Parking garage accumulation graph
Ques. 1/2

Each of the following options describes a condition that occurred at least once between 5:00 a.m. and 7:00 p.m. on the day of the parking study. For each option, select Before 1:00 p.m. if the first such occurrence was before 1:00 p.m.

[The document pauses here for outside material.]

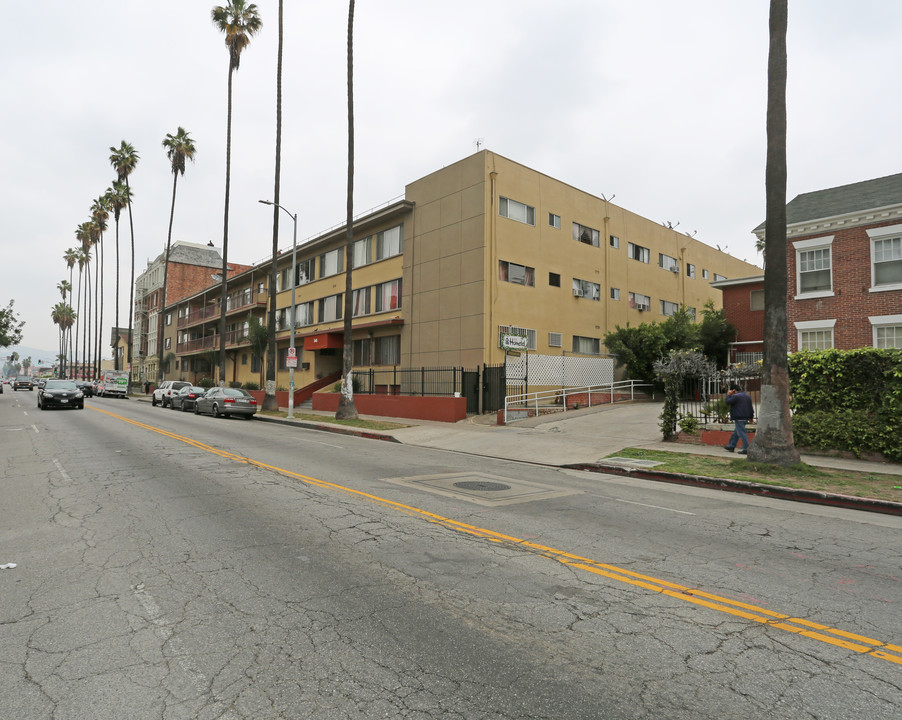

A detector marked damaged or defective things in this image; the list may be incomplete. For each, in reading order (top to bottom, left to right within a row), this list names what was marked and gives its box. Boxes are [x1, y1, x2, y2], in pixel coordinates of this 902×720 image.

Otherwise, select 1:00 p.m. or later.

A
Before 1:00 p.m.
1:00 p.m. or later

Cumulative arrivals were greater than accumulation.

B
Before 1:00 p.m.
1:00 p.m. or later

Cumulative arrivals were greater than 2 times cumulative departures.

C
Before 1:00 p.m.
1:00 p.m. or later

Cumulative departures were greater than accumulation.

Solution

OWNING THE DATASET

Understanding Source A: Chart/Graph - One-Day Parking Garage Accumulation Study

Chart/Table Analysis:

  • What the chart shows: A graph displaying three data series over a single day (5:00 a.m. to 7:00 p.m.) for a 1,200-space city-owned parking garage:
    • Cumulative arrivals (total cars that entered)
    • Cumulative departures (total cars that left)
    • Accumulation (cars currently in the garage)
  • Key patterns observed:
    • Accumulation reaches maximum capacity of 1,200 spaces from 10:00 a.m. to 12:00 p.m.
    • Steepest arrival increase occurs between 7:00-8:00 a.m. (from 250 to 1,100 cumulative arrivals)
    • By 7:00 p.m., accumulation drops to only 200 vehicles
    • Total of 2,800 vehicles used the garage throughout the day
  • Inference: The garage experiences severe morning congestion with 850 vehicles arriving in just one hour (7-8 a.m.)
  • Inference: Peak congestion occurs during typical business hours, suggesting the garage primarily serves daytime users (workers, shoppers)
  • Inference: Despite reaching full capacity for 3 hours, significant turnover throughout the day allows 2,800 total vehicles to use the 1,200-space garage

Summary: The parking garage study reveals severe morning congestion between 7-8 a.m., with the facility reaching full capacity from 10 a.m. to noon before gradually emptying in the afternoon and evening.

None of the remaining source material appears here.